(Brief descriptive captions)
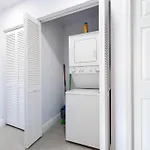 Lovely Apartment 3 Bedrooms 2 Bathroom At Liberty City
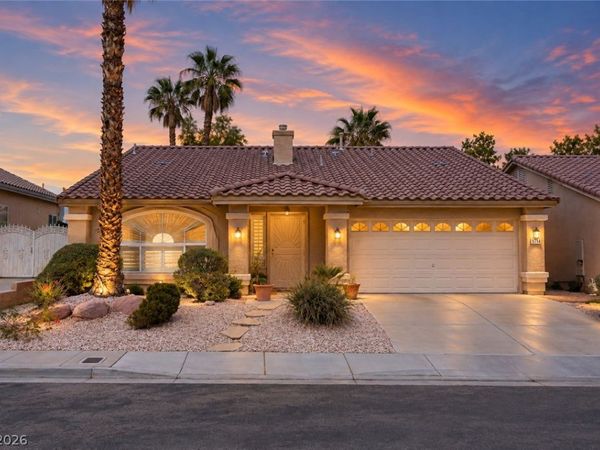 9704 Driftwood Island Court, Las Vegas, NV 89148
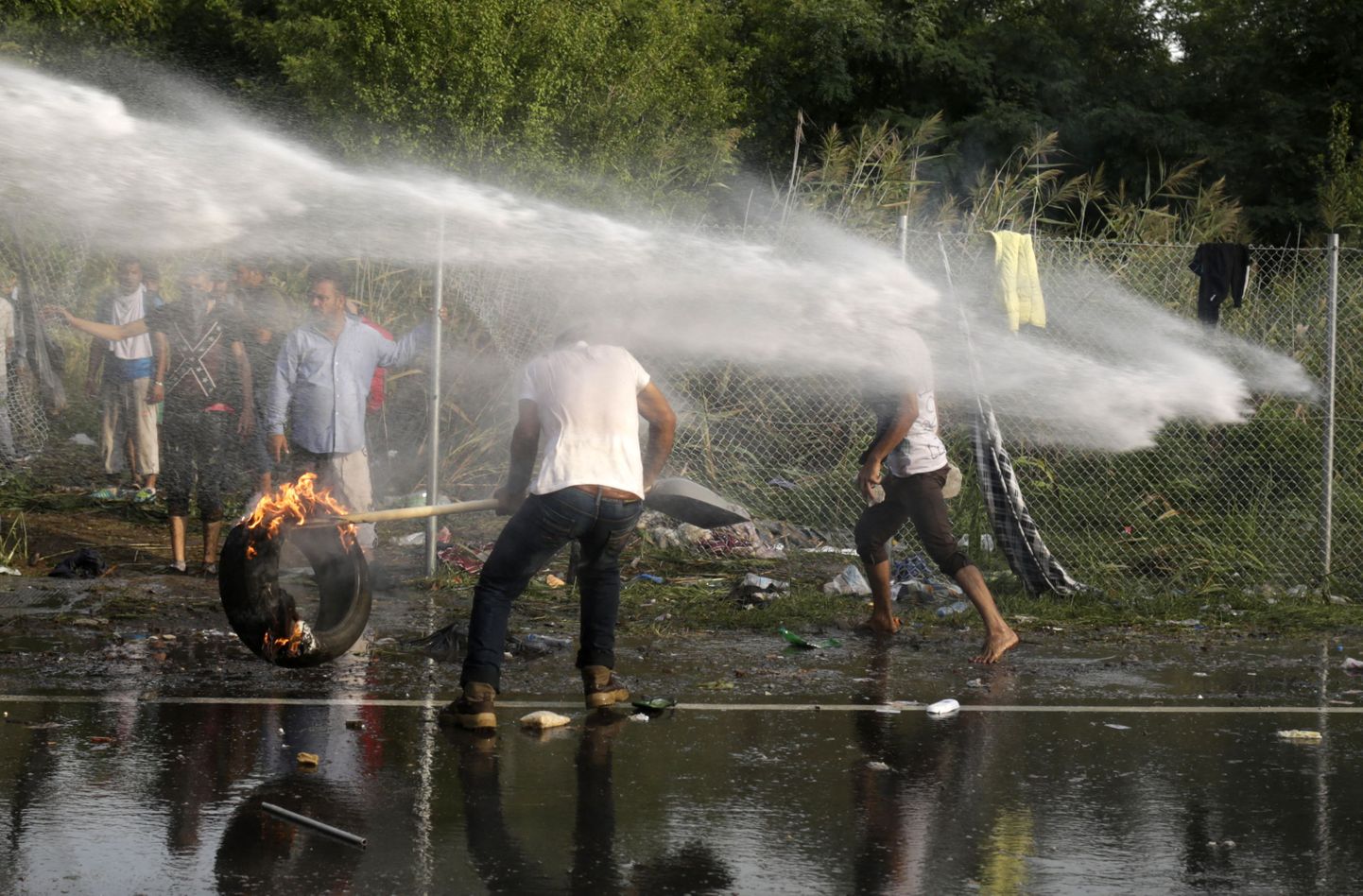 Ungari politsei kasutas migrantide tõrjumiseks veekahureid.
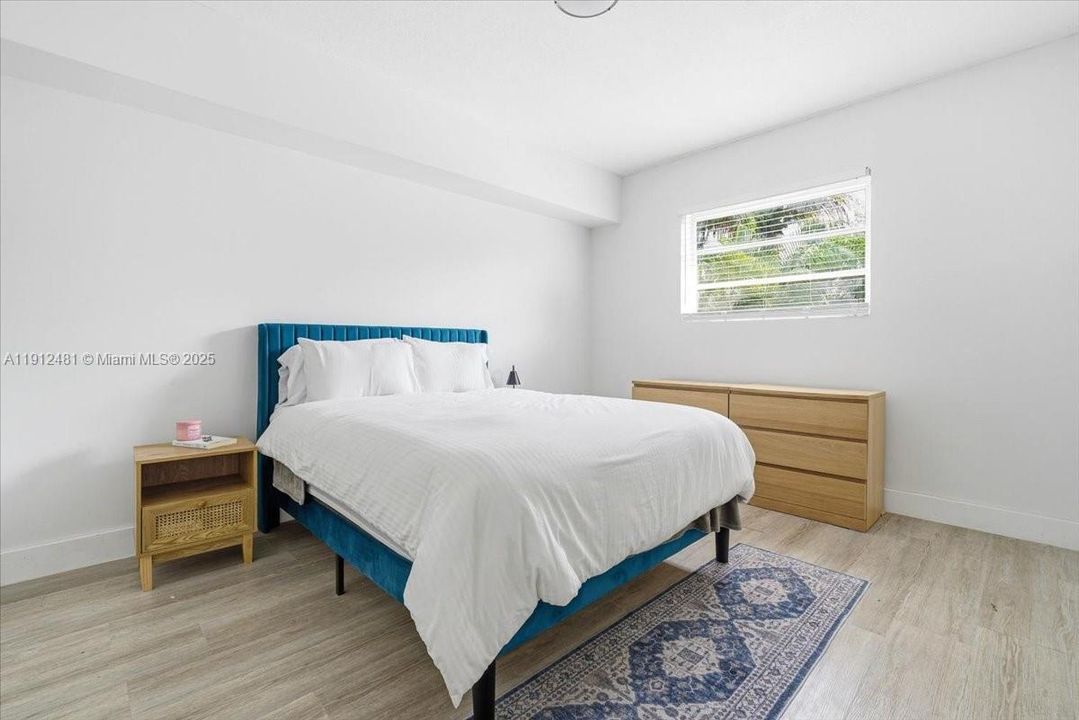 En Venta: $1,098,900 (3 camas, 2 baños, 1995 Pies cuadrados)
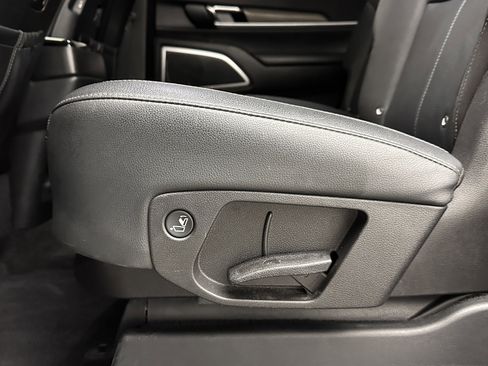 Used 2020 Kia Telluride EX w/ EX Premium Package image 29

---

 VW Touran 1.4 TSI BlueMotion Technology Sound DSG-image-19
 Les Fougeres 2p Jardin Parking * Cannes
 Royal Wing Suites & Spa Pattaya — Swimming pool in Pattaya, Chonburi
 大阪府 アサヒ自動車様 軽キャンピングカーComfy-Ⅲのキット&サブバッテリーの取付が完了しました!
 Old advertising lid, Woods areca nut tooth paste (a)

*PROBLEM DESCRIPTION*
Set down precisely the lines above between the line holding "Les Fougeres 2p Jardin Parking * Cannes" and the line holding "Old advertising lid, Woods", inclusive, and nothing beyond them.

*SOLUTION*
 Les Fougeres 2p Jardin Parking * Cannes
 Royal Wing Suites & Spa Pattaya — Swimming pool in Pattaya, Chonburi
 大阪府 アサヒ自動車様 軽キャンピングカーComfy-Ⅲのキット&サブバッテリーの取付が完了しました!
 Old advertising lid, Woods areca nut tooth paste (a)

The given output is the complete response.